**What you have to do**
Reproduce the closing part of the entries exactly: the line with "this 1260×840 image." and all lines after it, ending with the last line, and nothing else.

Provided records below:

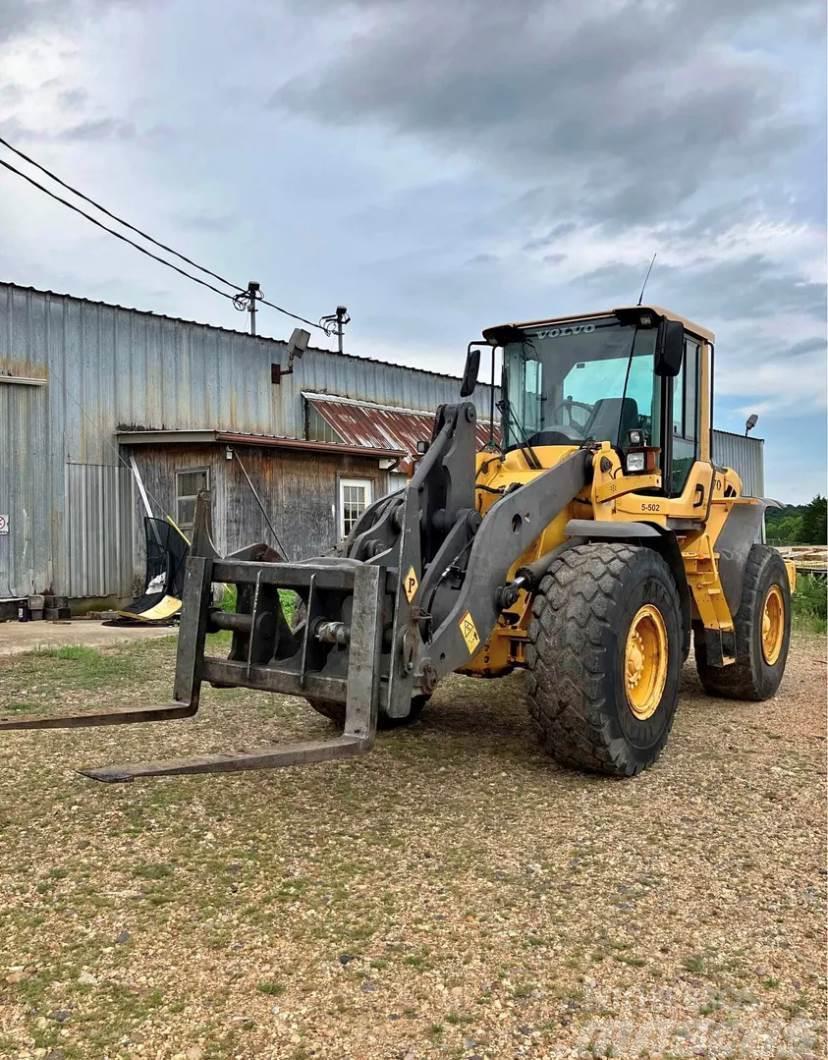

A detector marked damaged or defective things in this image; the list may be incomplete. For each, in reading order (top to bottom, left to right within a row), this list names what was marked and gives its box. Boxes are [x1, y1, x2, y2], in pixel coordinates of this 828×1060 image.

rusted metal roof [305, 392, 494, 470]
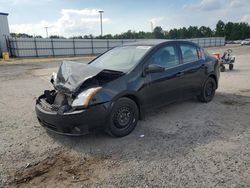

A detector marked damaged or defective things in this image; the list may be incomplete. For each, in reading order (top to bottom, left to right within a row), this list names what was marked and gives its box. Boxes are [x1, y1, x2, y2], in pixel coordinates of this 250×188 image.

crumpled hood [53, 61, 102, 94]
damaged front end [35, 61, 124, 135]
exposed headlight assembly [71, 86, 101, 107]
damaged black car [35, 40, 219, 137]
crushed front bumper [35, 100, 110, 136]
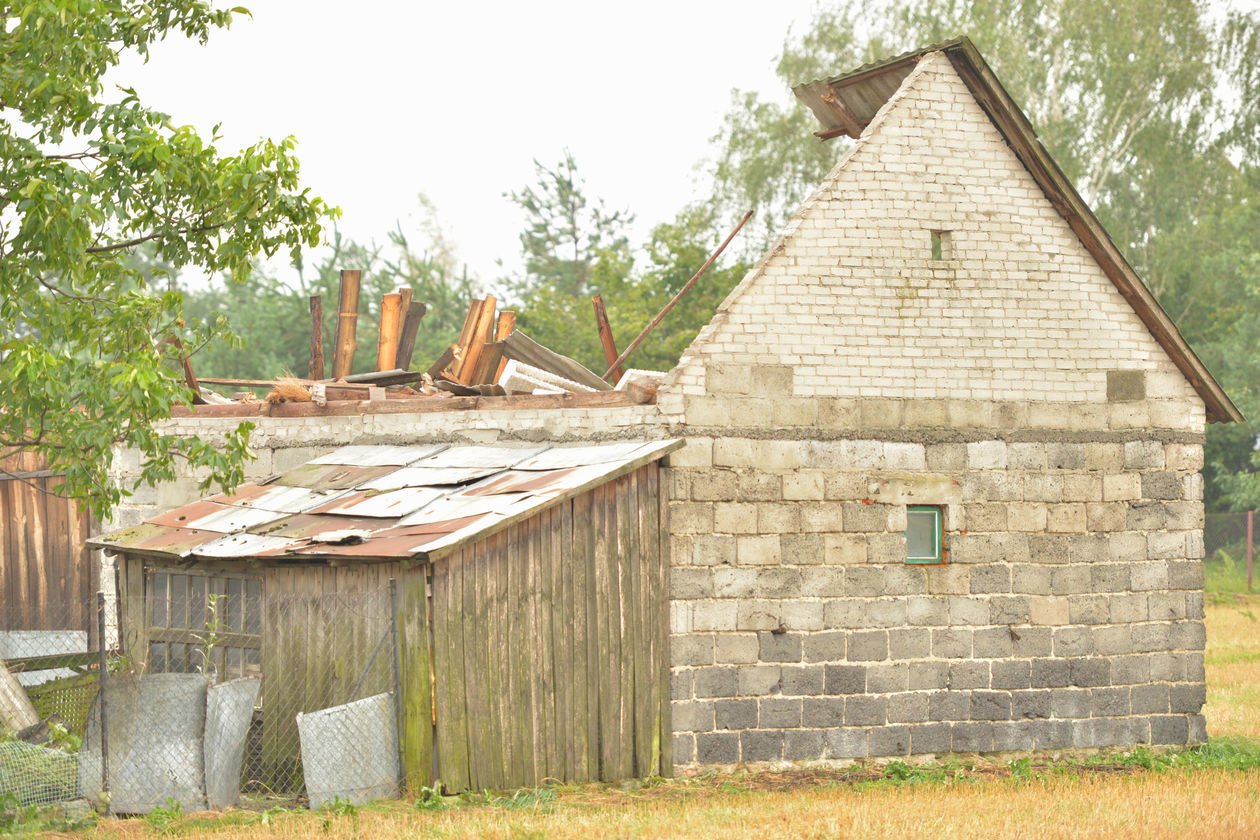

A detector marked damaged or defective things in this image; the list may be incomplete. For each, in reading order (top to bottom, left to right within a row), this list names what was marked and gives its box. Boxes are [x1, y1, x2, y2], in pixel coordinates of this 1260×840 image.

damaged roof [791, 36, 1244, 423]
broken wooden beam [330, 269, 360, 377]
rusty metal sheet [307, 445, 446, 465]
rusty metal roof panel [309, 445, 448, 465]
rusty metal sheet [418, 443, 546, 471]
rusty metal sheet [273, 460, 395, 493]
rusty metal sheet [355, 465, 501, 493]
rusty metal sheet [205, 483, 347, 516]
rusty metal sheet [308, 486, 448, 518]
damaged roof [91, 440, 680, 564]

End of Provided records.

**Reply to the exercise**
A detector marked damaged or defective things in this image; the list may be incomplete. For each, in reading order (top to bottom, left to right within a row), this list names what was marked and gives its box. Boxes are [x1, y1, x2, y2], in pixel coordinates of this 1260×840 image.

damaged roof [791, 36, 1244, 423]
broken wooden beam [330, 269, 360, 377]
rusty metal sheet [307, 445, 446, 465]
rusty metal roof panel [309, 445, 448, 465]
rusty metal sheet [418, 443, 546, 471]
rusty metal sheet [273, 460, 395, 493]
rusty metal sheet [355, 465, 501, 493]
rusty metal sheet [205, 483, 347, 516]
rusty metal sheet [308, 486, 448, 518]
damaged roof [91, 440, 680, 564]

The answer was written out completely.